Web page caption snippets
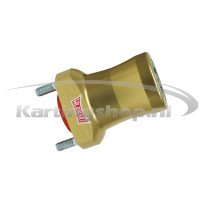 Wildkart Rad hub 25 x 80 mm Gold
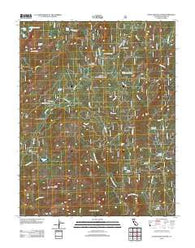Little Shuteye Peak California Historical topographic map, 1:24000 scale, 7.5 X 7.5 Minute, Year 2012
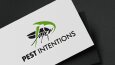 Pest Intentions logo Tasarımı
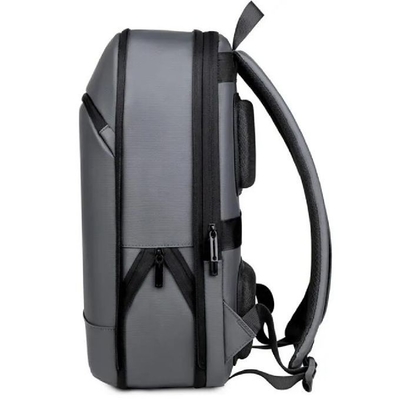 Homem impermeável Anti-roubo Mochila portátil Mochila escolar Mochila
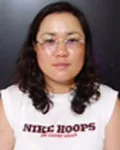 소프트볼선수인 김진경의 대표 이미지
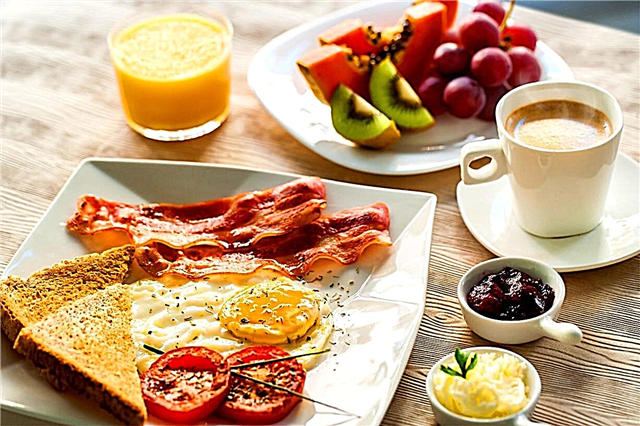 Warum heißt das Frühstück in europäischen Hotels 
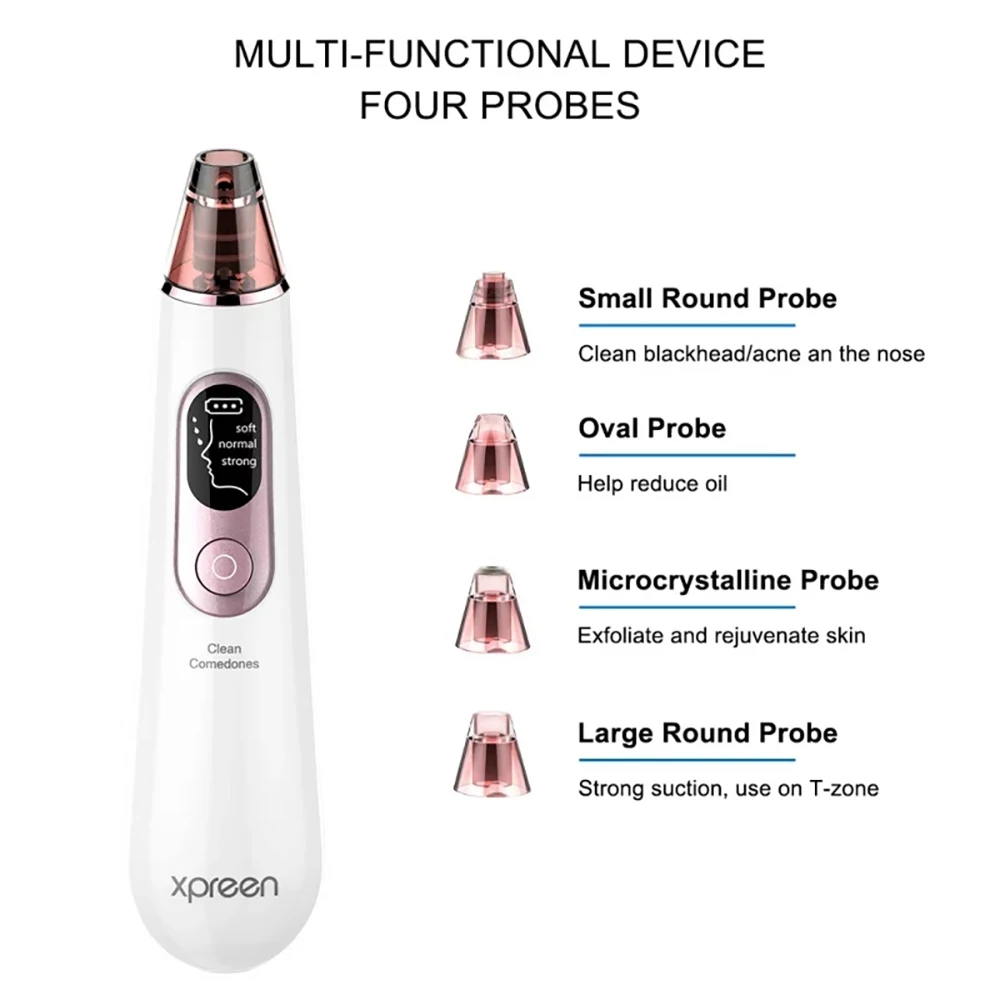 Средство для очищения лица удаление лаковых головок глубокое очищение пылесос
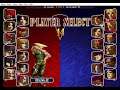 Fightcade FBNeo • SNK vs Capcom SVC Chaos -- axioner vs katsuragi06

[PROBLEM DESCRIPTION]
Look back at the data above, then output exactly the lines from the line holding "Little Shuteye Peak" up to and including the line holding "Средство для очищения". Leave out the pictures.

[ANSWER TO THIS TASK]
Little Shuteye Peak California Historical topographic map, 1:24000 scale, 7.5 X 7.5 Minute, Year 2012
 Pest Intentions logo Tasarımı
 Homem impermeável Anti-roubo Mochila portátil Mochila escolar Mochila
 소프트볼선수인 김진경의 대표 이미지
 Warum heißt das Frühstück in europäischen Hotels 
 Средство для очищения лица удаление лаковых головок глубокое очищение пылесос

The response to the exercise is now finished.